October 20th, 2013—
You wait, you watch, you listen, and the land speaks…
Splayed out flat on the deer stand’s plywood floor, I scrawled these words in the margin of a journal page. I screwed my eyes in the blue half-light and shifted among the cracked acorn shells to see what I had written—hard to tell whether the letters had a line, at least, or if I’d overlaid them. I set the pen and journal off into the darkness at my side, knowing I wouldn’t find them again until the sun came up, and joined my father in gazing out across the ridgetop pasture toward its wooded edge.
That morning we’d risen at 4 a.m., while the stars were still clear and bright, to hike up to the ridgetop before the deer would be moving. It was the primeval hour before dawn—the woods were a tangle of branch-silhouettes, and beyond the darkened tree line, a dim glow emanated.
The world seemed shrunken down to the pasture itself, as if all that lay outside it—the woods, the New River and the ridges beyond its banks—had condensed to a primordial darkness. Each moment passed in measured breaths and heartbeats spurred by the distant roar of wind through the treetops, like the sound of blood rushing. The pines bowed, and every branch and needle quivered with the possibility of the deer’s appearance.
I huddled deeper into my coat, shivering. Dad shifted and reached for the rifle at his side. It had been my Paw Paw’s, his father’s—a Winchester .30-30 with a smooth walnut stock. Pressing his eye to the scope, he scanned the treeline then passed the rifle to me. It was not loaded.
A low mist had gathered and glided across the pasture, pooling in its folds and furrows, obscuring the edge between pasture and woods. As the glow spread, blossoming from azure to bronze, the mists faded, furled themselves into the woods’ deep hollows, down in the creek beds, over the cliff’s edge. Gradually, the forms of things emerged.

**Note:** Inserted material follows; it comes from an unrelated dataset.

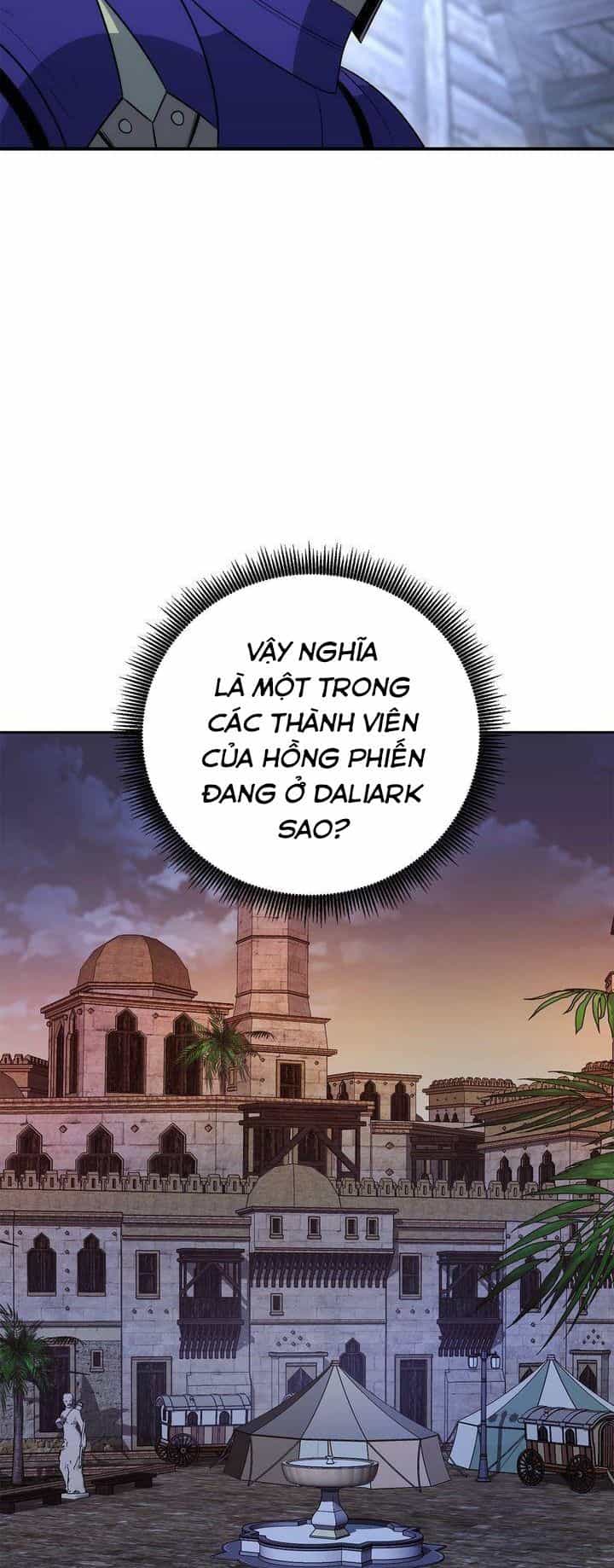 Chiến Binh Xương Trắng Thất Thủ - Chương 157 - ảnh 17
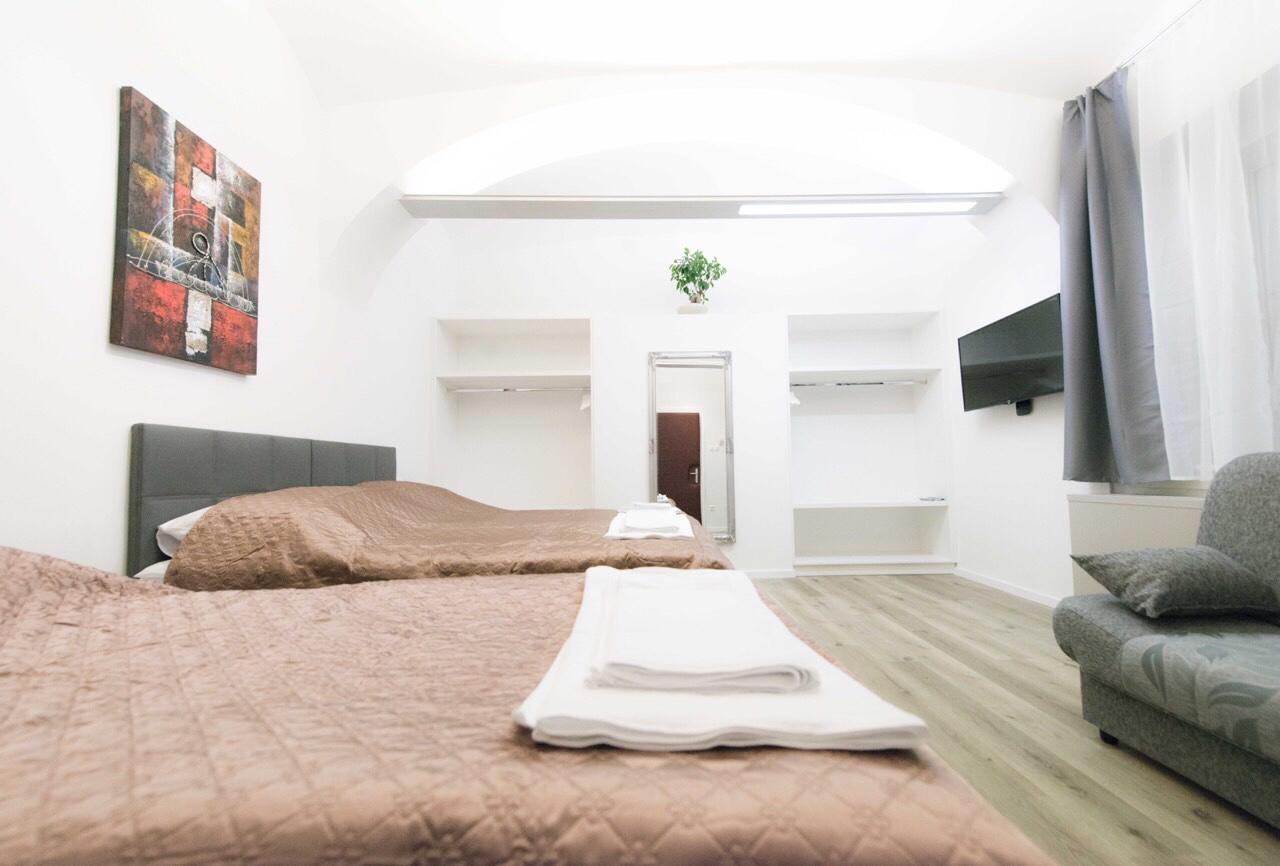 Apartma City & Free Parking Ljubljana Exterior photo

Solid and distinct, the trees stood forth, stark as obelisks, and gathered the mists about themselves like a shroud. The clover and broom sedge glimmered with frost. Overhead, the stars faded, and the first rays of morning fell upon the pasture as if for the first time. Dawn broke upon the upper New River Valley.
We stood and shaded our eyes, leaving the rifle at our feet.
“No deer this morning,” Dad said, and a smile lit his face.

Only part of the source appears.